Roger Ebert Home

Movie Answer Man (10/07/2001)

Q. Shortly after seeing the mildly amusing "Zoolander," I read your review. You wrote that it was in bad taste for the filmmakers to use Malaysia's prime minister as the target of the assassination attempt by the villains of the film. Three years ago, I read your review of "Wag the Dog," which got your highest rating. In "Wag the Dog," the U.S. Government fabricates and leaks false information about an Albanian conflict, going as far as to accuse Albanians of smuggling bombs into the United States from Canada. Might not Albanian-Americans feel uncomfortable seeing a film spreading lies about their native country? Yet nowhere in your review do you mention that this film might be offensive to Albanians. Am I missing something? P.S. No I'm not Albanian. (Ryan Lindahl, Toledo, Ohio)

A. The day I begin believing that every review must be consistent with every other review is the day I go mad. I would justify this inconsistency, however, by arguing that "Wag the Dog," a pointed and intelligent political satire written by David Mamet, criticized the kind of behavior that Ben Stiller's "Zoolander" uses for unnecessary and gratuitous throwaway comedy. I do not, by the way, plan to filter every movie for the next six months through the atrocity of the terrorist attack.

Q. I was disgusted to read your review of "Zoolander," not because you hated it, but why you hated it. The events that have occurred in our nation are very tragic but should not be connected to the way you review a movie. The movie's job was to take people's minds off these events because it had nothing to do with them. Your review will be confusing in later years and not fair to this movie. It's the job of a critic to view movies without prejudice and not let their personal lives interfere. (John Norton, Indianapolis In)

A. You lost me right there at the end. My personal life does interfere, because it's me in the theater, just as it's you who allowed your personal life to interfere while you were reading my review. We are people who live in history, and cannot always leave it at the theater door. The movie would have been more effective in taking my mind off the tragic events if it hadn't made a joke out of the assassination of the prime minister of one of our Muslim allies. Now there is a big stink in Malaysia--completely unnecessary, because Stiller could have made up a fictitious country.

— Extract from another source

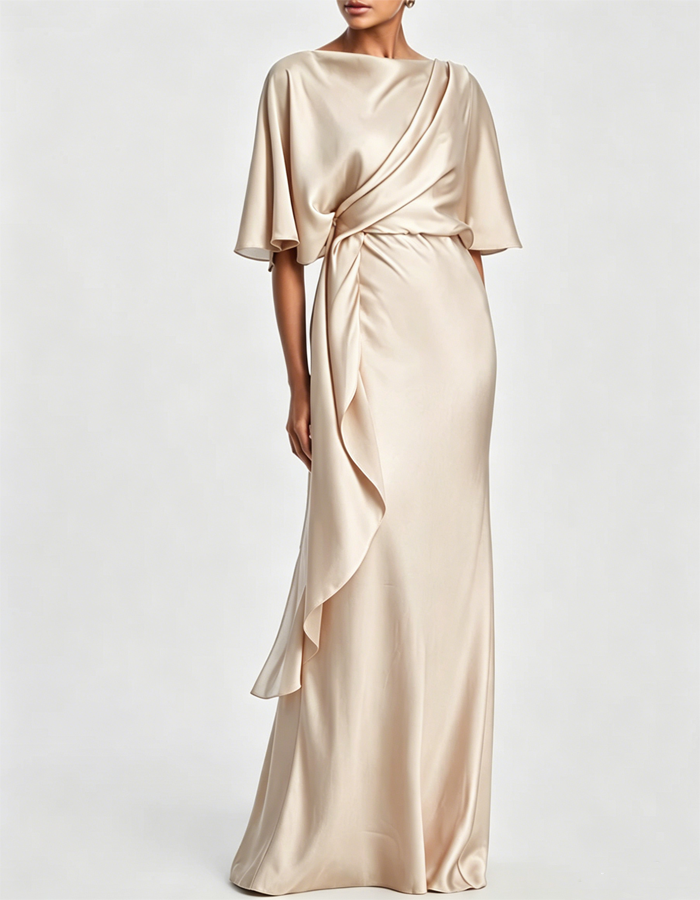 Draped Satin Evening Maxi Dress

Q. Since September 11, one movie clip has been playing through my mind. It's from "Three Kings", when the Mark Wahlberg character contacts his wife by cell phone when being held hostage. It underlines the depth of that movie under the guise of dark comedy. (Mike Spearns, St. John's Newfoundland)

A. History repeats itself, first as farce, then as tragedy.

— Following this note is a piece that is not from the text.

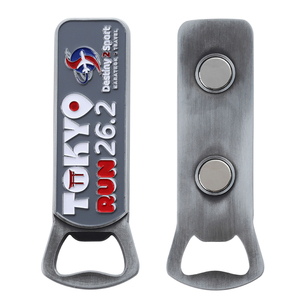 Apribottiglie Magnetico Personalizzato in Metallo Nero Opaco con Logo Aziendale in Smalto Morbido, Souvenir per Frigorifero - Product Image 3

Q. "Rush Hour 2" has just passed the $200-million mark, but why has no one noted that this may be a first for a film with two non-Caucasians in the leads and with virtually no Caucasians at all in the cast? The two leads in the film are Chinese and African-American and the two females are Chinese and Latina. You have to go way down the list of credits to find anyone who isn't of color. I think this is quite an accomplishment, but no one, not even the releasing company, seems to have noticed. (Joe Baltake, Sacramento Bee)

A. I wish it had been "Eve's Bayou" and not "Rush Hour 2," but I agree this is a noteworthy milestone.

Q. I would like to hear your comments on the fact that Paul Crouch and his Trinity Broadcasting Network are using footage of the recent tragedies in New York and Washington in promos for their upcoming film, "Megiddo: The Omega Code 2." This, to me, seems reprehensible. (Fred Holliday, Washington DC)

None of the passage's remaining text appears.